:: DATASET EXCERPTS ::
== == ==
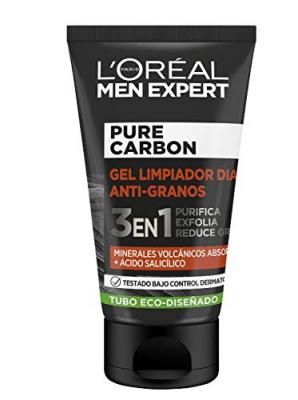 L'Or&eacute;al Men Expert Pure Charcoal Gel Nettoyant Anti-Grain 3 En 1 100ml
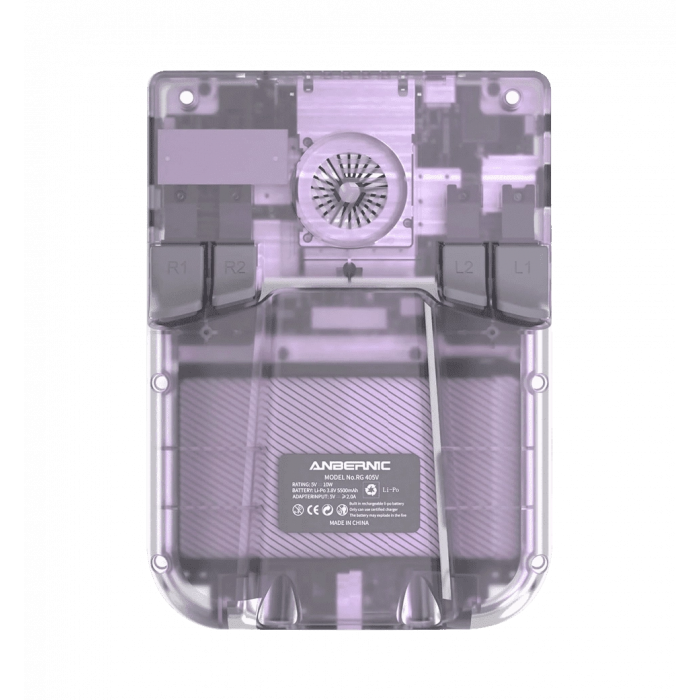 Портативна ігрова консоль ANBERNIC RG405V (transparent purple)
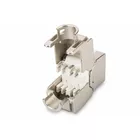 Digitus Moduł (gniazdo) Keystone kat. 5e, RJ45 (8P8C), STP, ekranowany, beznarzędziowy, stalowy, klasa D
== == ==
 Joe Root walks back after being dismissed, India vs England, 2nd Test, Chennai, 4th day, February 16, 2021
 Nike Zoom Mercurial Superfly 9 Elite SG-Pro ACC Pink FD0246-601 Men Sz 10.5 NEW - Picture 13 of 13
== == ==
:: ASSIGNMENT ::
When you reach the line with "Портативна ігрова консоль" in the records above, begin repeating the lines exactly, and stop after the line with "Digitus Moduł (gniazdo)". Skip all pictures.

:: SOLUTION TO THIS EXERCISE ::
 Портативна ігрова консоль ANBERNIC RG405V (transparent purple)
 Digitus Moduł (gniazdo) Keystone kat. 5e, RJ45 (8P8C), STP, ekranowany, beznarzędziowy, stalowy, klasa D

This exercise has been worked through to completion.